[ANN] CommonMark.jl

CommonMark.jl is a markdown parser which is fully compliant with the CommonMark 0.29 spec. In addition to the standard features it includes several extensions such as inline and display maths, admonitions, footnotes, and tables. Additional extensions are planned, as well as a public interface for 3rd-party extensions.

The package is registered in General so can be installed with

pkg> add CommonMark

Please report any problems you come across in the issue tracker. Saying that, the package does pass all tests required by the CommonMark spec and so can be considered usable in the regard. Feature requests are welcome as well.

In comparison to the built-in markdown parser shipped with Julia this package provides inline HTML, correct handling of lazy paragraph continuations, and link reference definitions.
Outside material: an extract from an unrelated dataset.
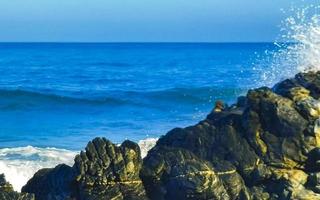 mooi rotsen kliffen surfer golven Bij strand puerto escondido Mexico. foto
There may be others as well, but those are the main ones.

65 Likes

Welcome back!

10 Likes

Thanks @cormullion!

4 Likes

Awesome :+1: I look forward to replacing my crappy hacks in Franklin to work around the base Markdown parser & use your package :slight_smile:

12 Likes

This is awesome! Does Documenter have the ability to swap out markdown parsers?
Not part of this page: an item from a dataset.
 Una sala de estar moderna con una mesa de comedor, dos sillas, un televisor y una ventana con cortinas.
That’s some heroic hacking you’ve managed in Franklin! I’d be happy to discuss merging your syntax extensions into the package, most of them shouldn’t be too difficult to achieve.

7 Likes

Not currently, Documenter reaches into some internals of the current Markdown parser so it’s not exactly straightforward to switch out right now. I’d hope that eventually we could move towards using it ecosystem-wide since it matches the behavior of other markdown dialects a little bit better, but that will require some stress testing to make sure it’s up to the job first.

5 Likes

I actually have a branch that allows for swapping out the parser. The only requirement is that your custom parser produces the Markdown standard library AST.

On a related note, Documenter has the Markdown2 module, which aims to be a cleaner & stricter version of the standard library Markdown AST. I wonder if it would make sense to have a common lightweight interface package for the AST that both parsers and consumers could depend on?

4 Likes

This is great! It would be very good to replace the internal markdown parser with a snapshot of this external one. Or maybe ship with a version of your markdown parser but allow it to be overridden (instead baking it into the system image).

4 Likes

common lightweight interface package for the AST that both parsers and consumers could depend on?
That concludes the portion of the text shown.